Isle of Wight Festival: Rain and mud cause travel chaos
Music fans have had to sleep in their cars after traffic became gridlocked when heavy rain turned the Isle of Wight Festival site into a mudbath.
The mud led to access problems at Seaclose Park in Newport and left thousands unable to get into car parks and stuck in vehicles overnight.
Police escorted some motorists stuck in traffic to Newport Football Club where shelter and refreshments were provided.
About 55,000 people are expected at the three-day event on the island.
The Isle of Wight has a population of just 140,000.
The problems came as various parts of the UK were braced for heavy rain and flooding. The Met Office has issued yellow warnings for various parts of England and Scotland and a more severe amber warning for the North West of England.
Met Office forecasters said the island would see very windy weather, with sunny spells and scattered blustery showers over the weekend.
Motorists queued for up to 10 hours to access the site.
Linda Dawson, from Ashurst, said she had been stuck in her car with her partner and three daughters aged 12, 13 and 16 since 18:00 BST on Thursday.

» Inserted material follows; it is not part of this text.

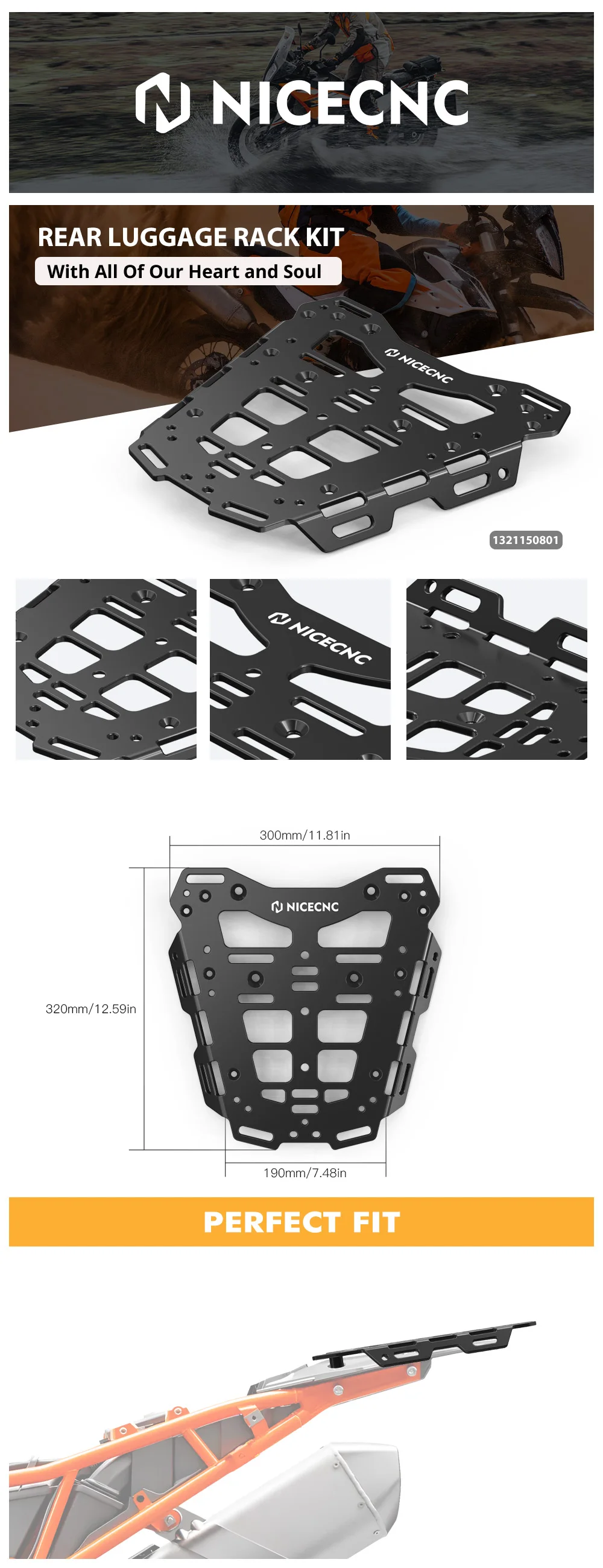 For KTM 790 890 Adventure 2019-2024 Motorcycle Rear Luggage Rack Kit For KTM 890 Adventure 790 Adventure 2024 2023 2022 2021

She said: "The two things I'm really annoyed about is this weather has been going on for weeks, so why were they not prepared for it? Second we weren't told the full story in Portsmouth and could have turned back if we had known we would be in the car all night.

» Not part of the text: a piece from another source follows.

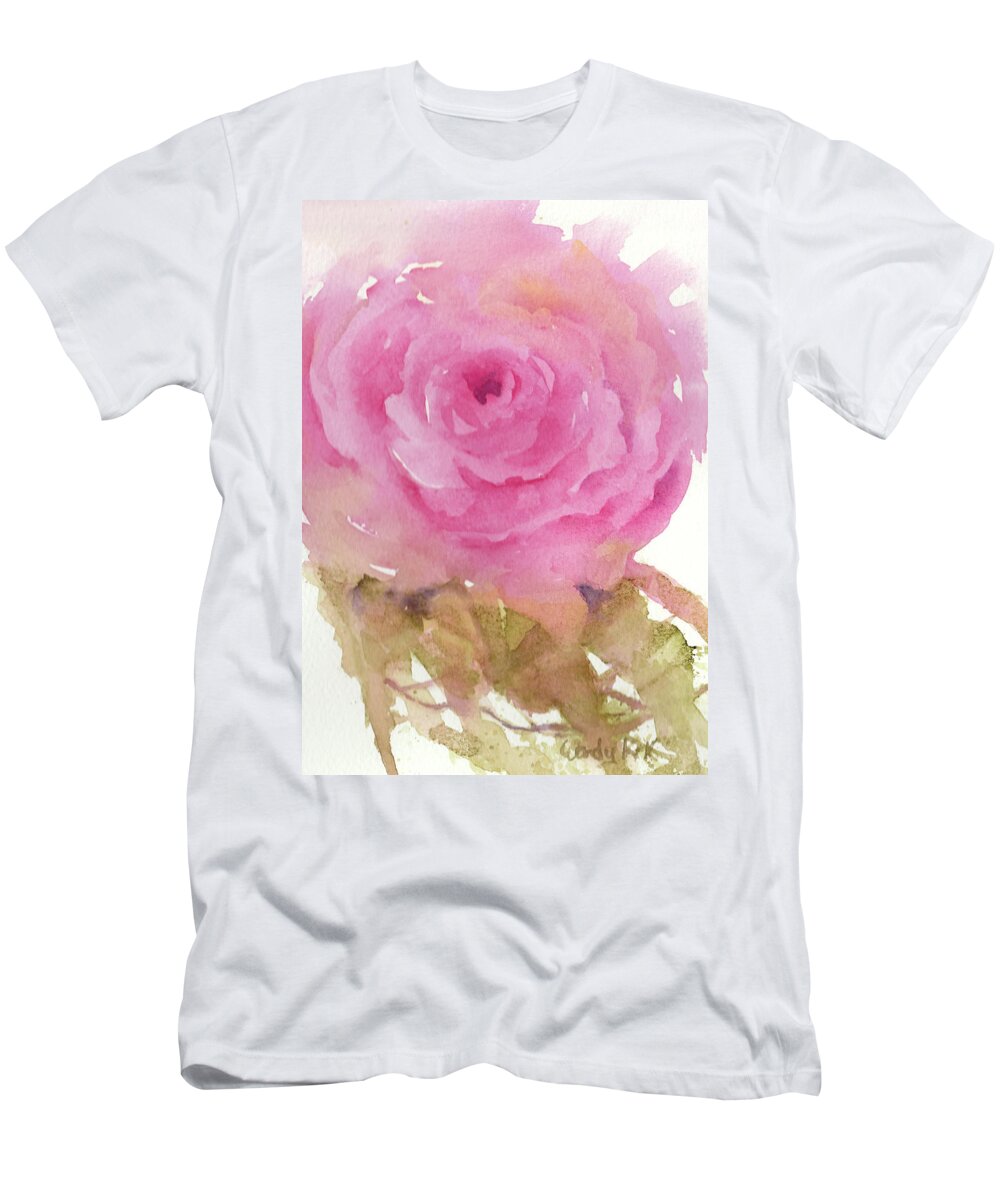 Rose T-Shirt featuring the painting Pink Rose #1 by Wendy Keeney-Kennicutt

"Why did they let us get on the ferry when they knew there was nowhere for us to go?"
Festival-goers have taken to social networking sites to complain about their treatment and a lack of communication from festival organisers. Some said they had given up and gone home.
Jo Wendel tweeted the message: "Awful! Would only recommend #iowfest to lovers of disorganisation, queuing and mudbaths."
Simon Perry, co-founder of site VentnorBlog, which covers the island, said: "Many readers questioned why the relevant authorities hadn't planned for this, given the unseasonable recent heavy rainfall."
Problems began on Thursday morning when the main car park had become waterlogged from heavy rain overnight.
Organisers were forced to open extra fields and bring in metal tracks so vehicles could be directed to overflow car parks. Many had to be towed because of the mud.